Unicoders...
I am forwarding on behalf of Mary Ink, a post that got side-tracked
this morning.
        -- Sarasvati
>From: "mary ink" <maryink@hotmail.com>
To: unicode@unicode.org
Subject: Korean language support and other Far Eastern Questions
Date: Tue, 25 Apr 2000 19:26:04 GMT
Doing research, as you might infer, on how Unicode handles Korean in the 
technical sense and how Unicode has handled the Far Eastern languages in a 
political sense. Any facts or views welcome.
Why are some 11,171 places allocated to Hangul Syllables when the language
system is made up of only 19 consonants (ja-um) and 21 single and combined
vowels (mo-um)? If the syllables could be made up from their constituent
parts they wouldn't require double bytes, no?

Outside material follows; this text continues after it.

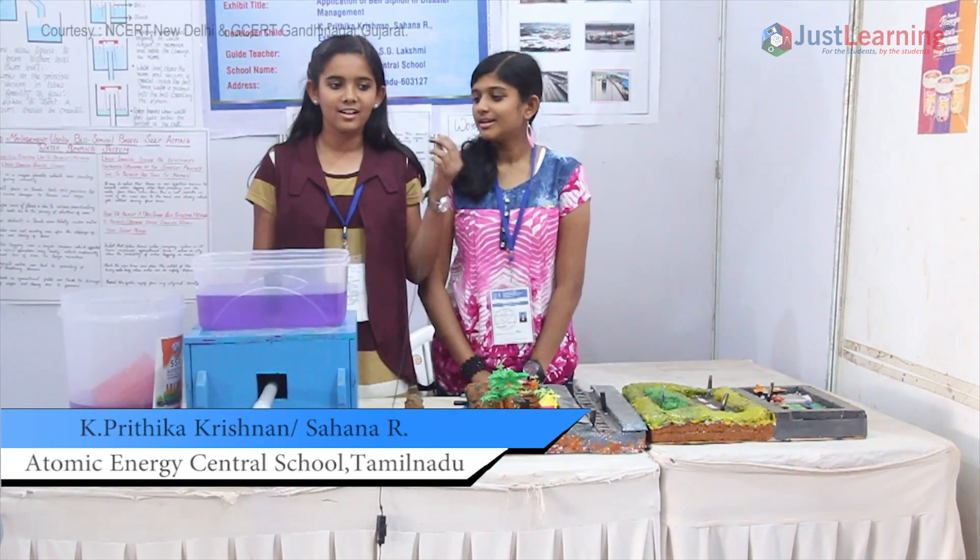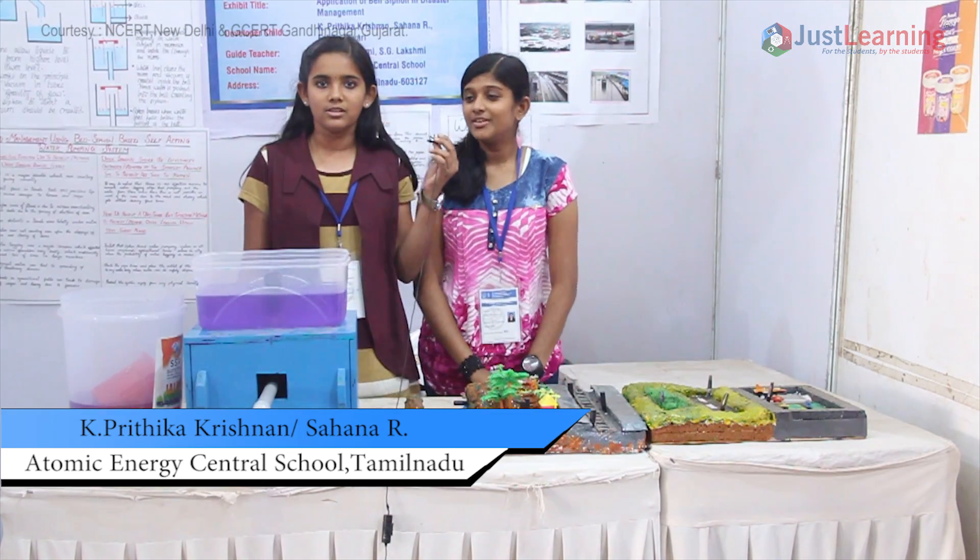Good afternoon. I am Pritika and I am Sahana. We are from Atomic Energy Central School. We come from Tamil Nadu and our topic is Bell Siphon.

Hangul letters are arranged in combinations of left to right and top to
bottom depending on the shape and orientation of the vowel. Each arrangement
of letters composes a syllable. So that syllables remain in proportion to
each other, the shape and size of the letters within the syllable are
modified. How do character display systems and coding standards such as
Unicode handle these non-linear letter combinations and relative changes in
letter shape?
How do the Hangul Compatibility Jamo characters 12592-12687 needed for
compatibility with KSC 5601 encoding relate to the Hangul Syllables
44032-55203?
Olle Jarnefors explained in "A short overview of ISO/IEC 10646 and Unicode"
http://www.nada.kth.se/i18n/ucs/unicode-iso10646-oview.html (1996) that
"ISO/IEC 10646 and Unicode removes some assumptions of the made about plain
text, which simplifies implementations but are untenable in multilingual
text and monolingual text in some languages Characters cannot be identified
with glyphs. Different graphic forms to be used in different situations are
needed for some characters, e.g. Arabic letters". I find these statements
impenetrable. Does he mean that Unicode considers the character
independently of its appearance and therefore is capable of handling text
elements that change in appearance relative to position as they do in some
languages including Korean? Or does he mean the opposite?
I understand that Unicode supports multidirectional text and overlapping or
composite characters. Can it then handle the special multidirectional and
composite character of the Hangul writing system?
How international is the Unicode consortium? Lists of member companies I`ve
seen are predominantly American. Has this had any bearing on how character
codes have been standardized?
How have national encoding standards been incorporated into Unicode and ISO
UCS standards?
Why and how was Unicode developed separately from ISO UCS standards and then
agreed upon later? How do the 2 standards differ?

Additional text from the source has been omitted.